The similarities and differences among the US, Europe, and China, then, can be understood as a function of focus, and an implementation structure better aligned to the Chinese Marxist-Leninist political model.  For example, the  Chinese Companies Law Art.5 provides that companies bear social responsibilities.  Much of the differences in approach lie at the margins. This has been especially apparent in the way in which Chinese State Owned Enterprises operate outside of China. They align their operations to the guidance and policy priorities of the State, but at the same time  adhere to a principle of strict compliance with local law, and risk avoidance, including human rights risk. Yet to that end, Chinese SOEs will prioritize development and majority interests, and in balancing human rights interests will tend to adjust that balancing between prevention, mitigation, and remedy in context. (Discussion and examples in my essay “Chinese State-Owned Companies and Investment in Latin America and Europe” (2024 forthcoming)  Draft verson here).

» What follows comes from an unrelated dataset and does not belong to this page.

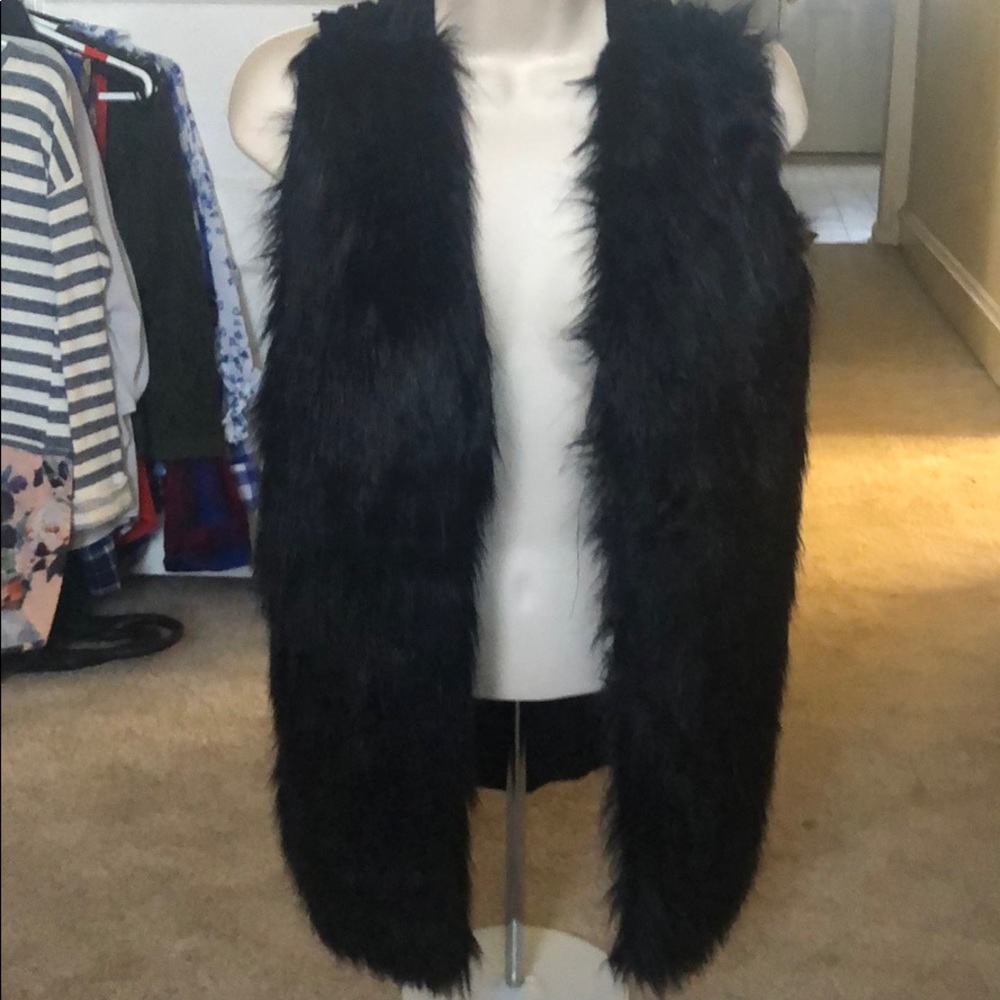 Faux fur vest with knit back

More recently Environmental, Social and Governance (ESG) and ESG reporting standards have provided a vehicle for operationalization of those responsibilities. Much of this has been undertaken through China Securities Regulatory Commission (CSRC) and the stock exchanges. In 2018 CSRC added ESG to its Corporate Governance Guideline (encouraging listed entities to comply with ESG requirements; ¶ 86 “While maintaining the listed company’s development and maximizing the benefits of shareholders, the company shall be concerned with the welfare, environmental protection and public interests of the community in which it resides, and shall pay attention to the company’s social responsibilities.”). In 2021 CSRC adopted rules on ESG reporting in the annual report of listed companies, and reformed the  scope of disclosure to include environmental emissions, administrative penalties for breach of environmental regulations, measures for reducing carbon emissions, and donations or other actions that reduce poverty, and so on. In February 2024, the Shanghai, Shenzhen, and Beijing Stock Exchanges announced  mandatory sustainability reporting requirements. As reported in ESG Today, “reporting requirements for companies will encompass four “core content” topics, including governance, strategy, impact, risk and opportunity management, and indicators and goals. . . adopting a “double materiality” approach to sustainability reporting, . . the risks and impact of sustainability issues on an enterprise, as well as on the enterprises’ impacts on environment and society.”

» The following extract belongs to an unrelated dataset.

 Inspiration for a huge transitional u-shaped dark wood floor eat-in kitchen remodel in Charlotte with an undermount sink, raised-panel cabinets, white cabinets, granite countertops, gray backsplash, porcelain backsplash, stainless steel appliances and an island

 Informal standards with substantial influence are also being developed along the same lines. For example, CERDS (China Enterprise Reform and Development Society) developed ESG disclosure standards: the “Guidance for Enterprise ESG Disclosure” (“企业 ESG 披露指南”, the “ESG Disclosure Standards (compare EU standards here). What remains central to the practice of human rights is the hierarchical nature of rights and the importance of the local context in which it is to be applied. Development stands at the core of Socialist Path human Rights. Collective benefit follows. Compliance with local law is essential, but often read as far as possible to advance the core  driving elements of rights. In many respects Socialist and liberal democratic solutions will be similar.  But the pathways to a convergence of result belie the sometimes quite different routes taken to that point.

Parting Thoughts

Though one might be tepted to argue that it was never never entirely eradicated, human rights with ideological characteristics and national effects have returned as a more formal propsition. This return reflects three emerging and quite distinct approaches to human rights governance between the USChina, and Europe. The divergences will affect everything from the use and forms of human rights due diligence, to the balancing of human rights and sustainability values, to the risk assessment around principles of preventing, mitigating, and remedying adverse human rights impacts. China provides a quite useful and important example of these developments.